The time complexity of the QIPF framework is therefore approximately \(\mathbf{O}(n+m)\) where n and m are the number of weights and number of modes respectively. In practice, we do average pooling of weights thereby considerably reducing the effective number of weights used for QIPF implementation. Further, at maximum, we only extract about 20 QIPF modes thereby limiting m to a small value. This makes the QIPF framework considerably faster than Bayesian approaches. This is evident from the run-time comparisons of QIPF with MC-dropout in our experiments as shown in the following table.
Related Papers:
Singh, R. and Principe, J.C., 2021. A Functional Operator for Model Uncertainty Quantification in the RKHS. (Under Review) (Paper Link)
Abstract
We propose a framework for predictive uncertainty quantification of a neural network that replaces the conventional Bayesian notion of weight probability density function (PDF) with a physics based potential field representation of the model weights in a Gaussian reproducing kernel Hilbert space (RKHS) embedding. This allows us to use perturbation theory from quantum physics to formulate a moment decomposition problem over the model weight-output relationship. The extracted moments reveal successive degrees of regularization of the weight potential field around the local neighborhood of the model output. Such localized moments represent well the PDF tails and provide significantly greater accuracy of the model's predictive uncertainty than the central moments characterized by Bayesian and ensemble methods or their variants. We show that this consequently leads to a better ability to detect false model predictions of test data that has undergone a covariate shift away from the training PDF learned by the model. We evaluate our approach against baseline uncertainty quantification methods on several benchmark datasets that are corrupted using common distortion techniques. Our approach provides fast model predictive uncertainty estimates with much greater precision and calibration.
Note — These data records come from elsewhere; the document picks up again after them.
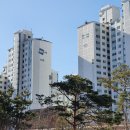 답십리역 이미지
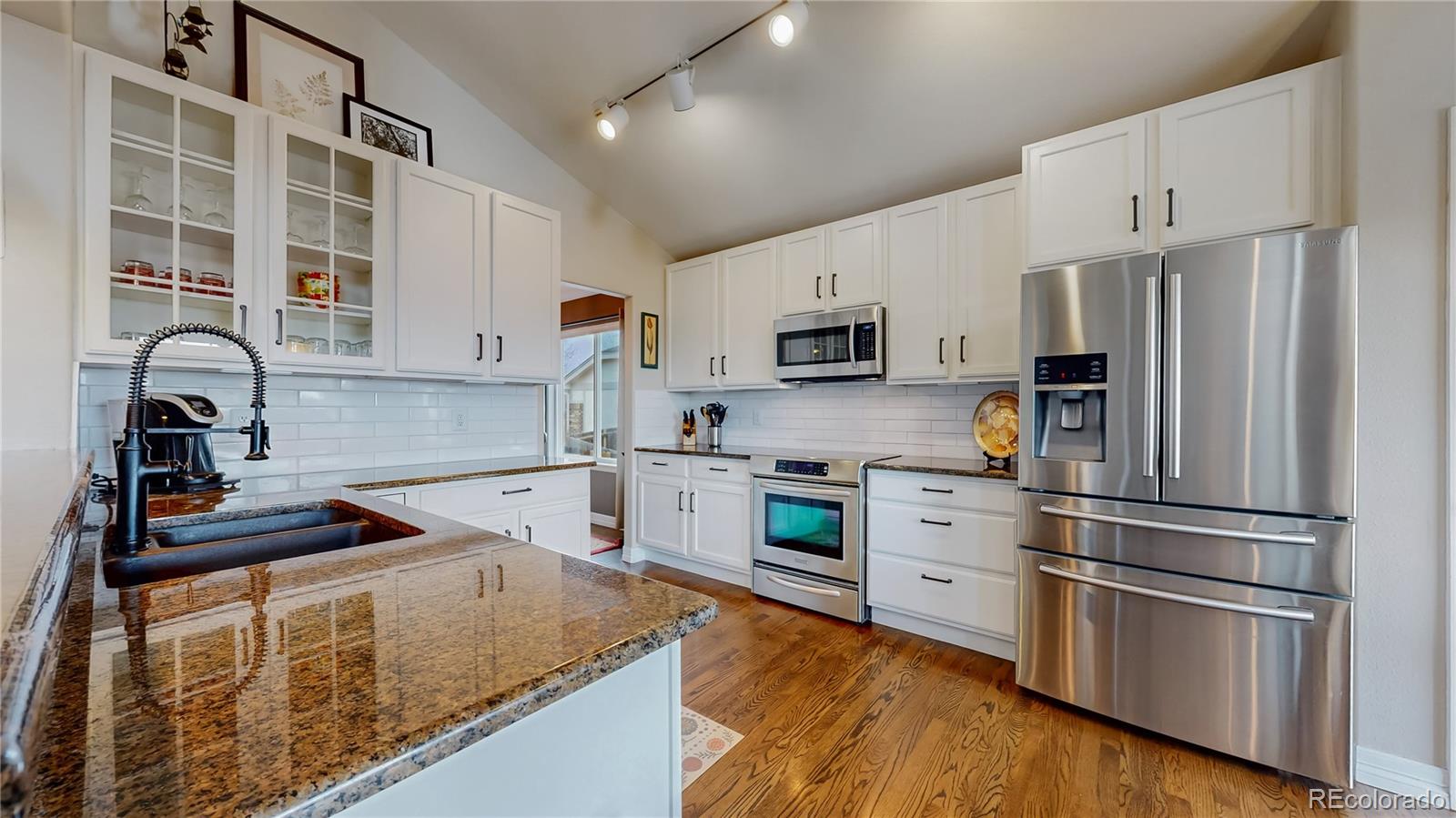 MLS Image #10 for 22630 e ida circle,aurora, Colorado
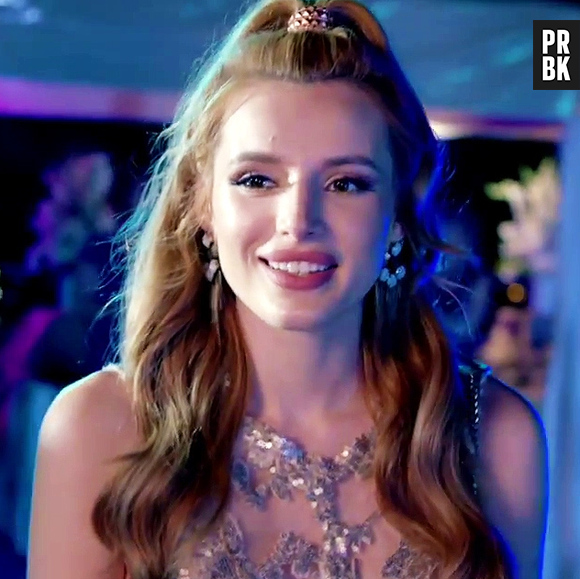 Saiba quando estreia a segunda temporada de "Famous In Love"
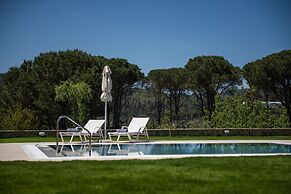 Villa Pine Forest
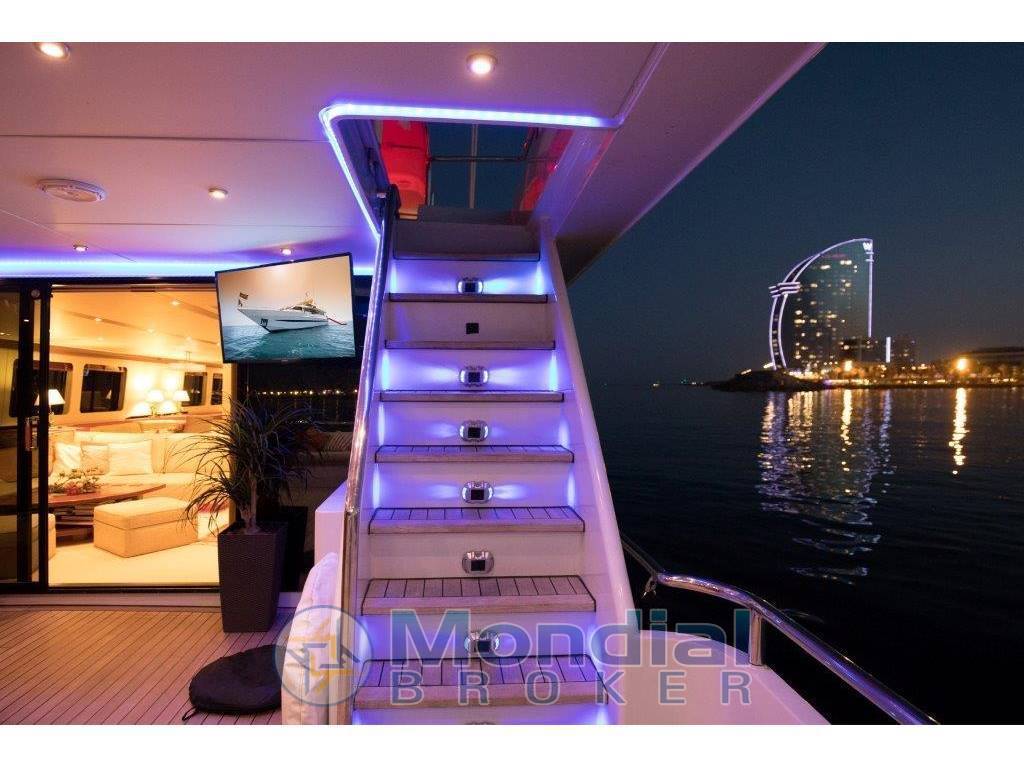 Heesen 94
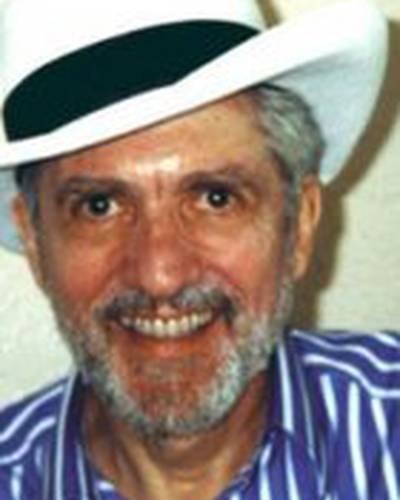 Херб Фрид фото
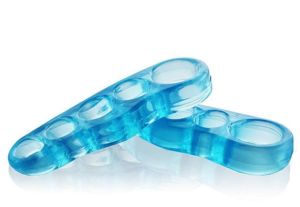 Pampared Toes Parmak Ayırıcı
Singh, R. and Principe, J.C., 2021. Toward a Kernel-Based Uncertainty Decomposition Framework for Data and Models. Neural Computation, 33(5), pp.1164-1198. (Paper Link)
Abstract
This letter introduces a new framework for quantifying predictive uncertainty for both data and models that relies on projecting the data into a gaussian reproducing kernel Hilbert space (RKHS) and transforming the data probability density function (PDF) in a way that quantifies the flow of its gradient as a topological potential field (quantified at all points in the sample space). This enables the decomposition of the PDF gradient flow by formulating it as a moment decomposition problem using operators from quantum physics, specifically Schrödinger's formulation. We experimentally show that the higher-order moments systematically cluster the different tail regions of the PDF, thereby providing unprecedented discriminative resolution of data regions having high epistemic uncertainty. In essence, this approach decomposes local realizations of the data PDF in terms of uncertainty moments. We apply this framework as a surrogate tool for predictive uncertainty quantification of point-prediction neural network models, overcoming various limitations of conventional Bayesian-based uncertainty quantification methods. Experimental comparisons with some established methods illustrate performance advantages that our framework exhibits.